Don’t read this

21 September 2005 at 09:25 Leave a comment

Classic example of a terrible interview:

The Guardian
interviewing Gore Vidal.

One of those interviews that seems to be about the interviewer and not the interviewee.

“Vidal enters the drawing room stiff-backed and eyes fixed forward, leaning heavily on his assistant. I have read that the house was sold for £9.5m and ask him who bought it.

“That is just the press,” he growls, with such contempt that the photographer and I exchange looks; oh God.”

Let’s unpack this.

It’s not like he was picking on the press unfairly, the house hadn’t even sold yet.

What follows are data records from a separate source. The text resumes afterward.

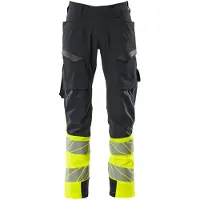 Mascot Accelerate Safe 19379 Big Thigh Pockets Arbejdsbukser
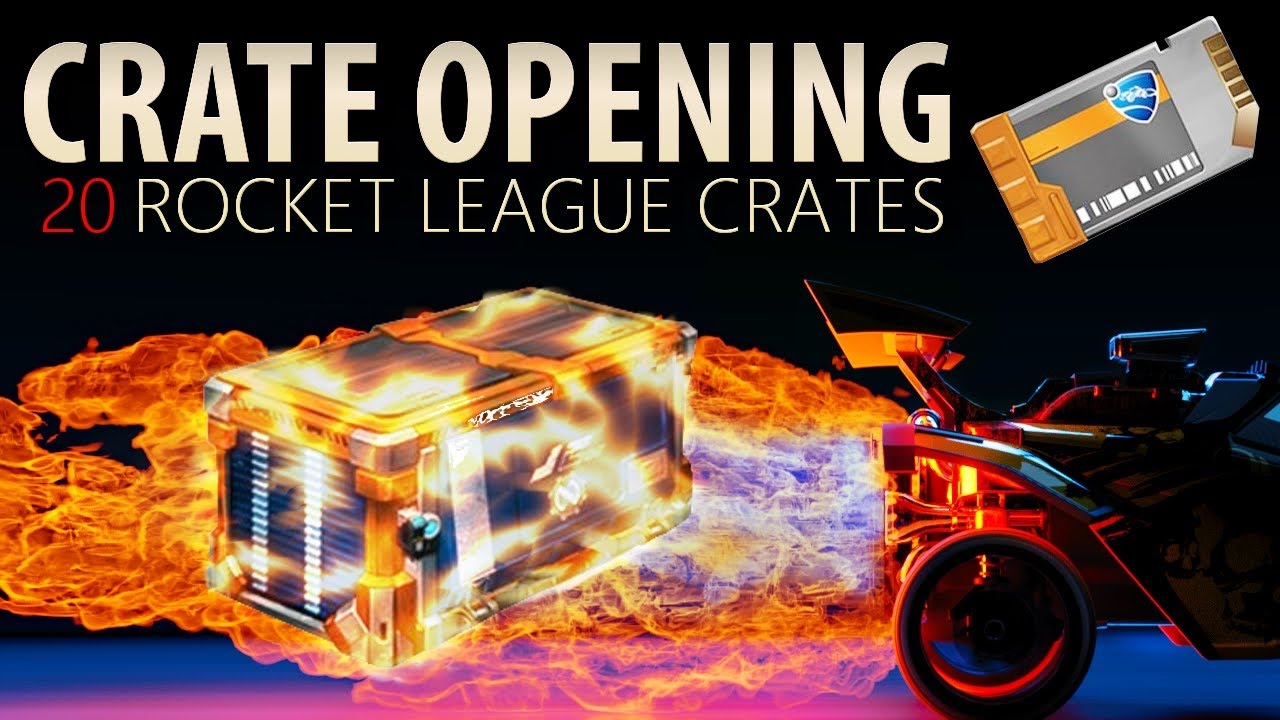 Rocket League Competitive with Xero Shadek, 20 Turbo Crate Opening,Trades at the End!  Ps4 720p60Fps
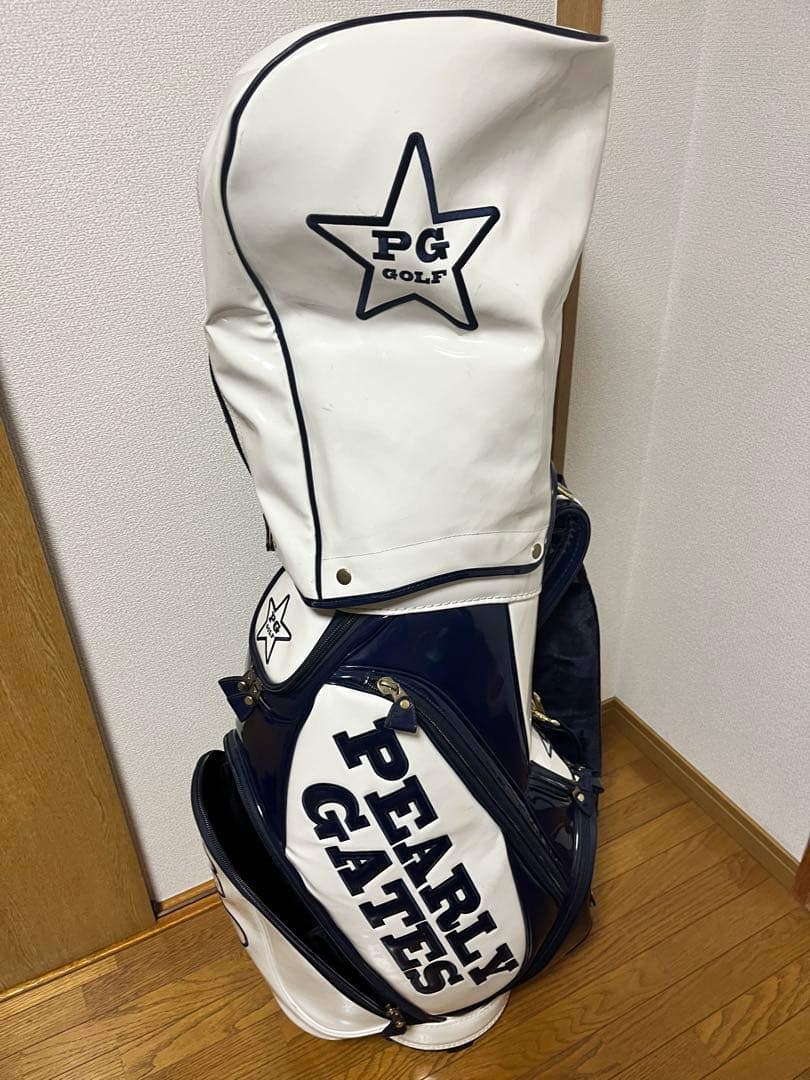 【バッカス様の商品】ですPEARLY GATES パーリーゲイツ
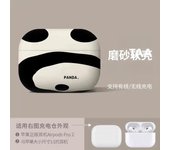 Cute Case for Apple Airpods 4 1 2 3 Case for AirPods Pro2 2nd Case Cartoon Panda Earphone Protective Cases Accessories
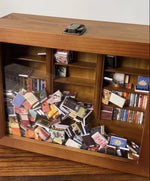 Anxiety Bookshelf | Shake Away Your Anxiety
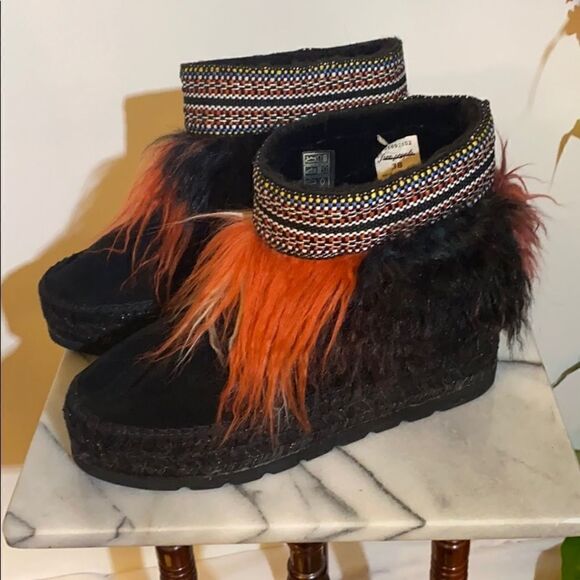 FREE PEOPLE Glace Oberland Boots - Picture 6 of 9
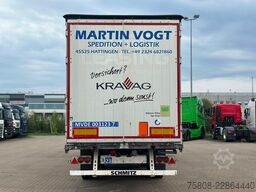 SCHMITZ CARGOBULL SCB S3T Plane Edscha Code XL HU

And who cares what the interviewer was experiencing? Is this about Gore Vidal? Or the fact that the interviewer clearly doesn’t have any respect for him? Because a good interviewer should be able to interview anyone and get to the heart of the person, the heart of their work, etc. without the whole thing just being about their impressions/conceptions of the subject.

Oddly, several of the questions are couched so that you can’t tell they are questions, until Vidal answers them.

And if you weren’t convinced that Ms. Brockes was the actual subject of this interview:

The packing boxes give it such a melancholy air – “it doesn’t fill me with joy, either,” says Vidal – and feeling the hairs on the back of my neck rise, I look over my shoulder and catch the reflection of Vidal’s assistant, staring passively at me through a mirror from a side room. It feels like a scene from Death in Venice.

It reminds me of bad poetry: all autobiography and no ideas.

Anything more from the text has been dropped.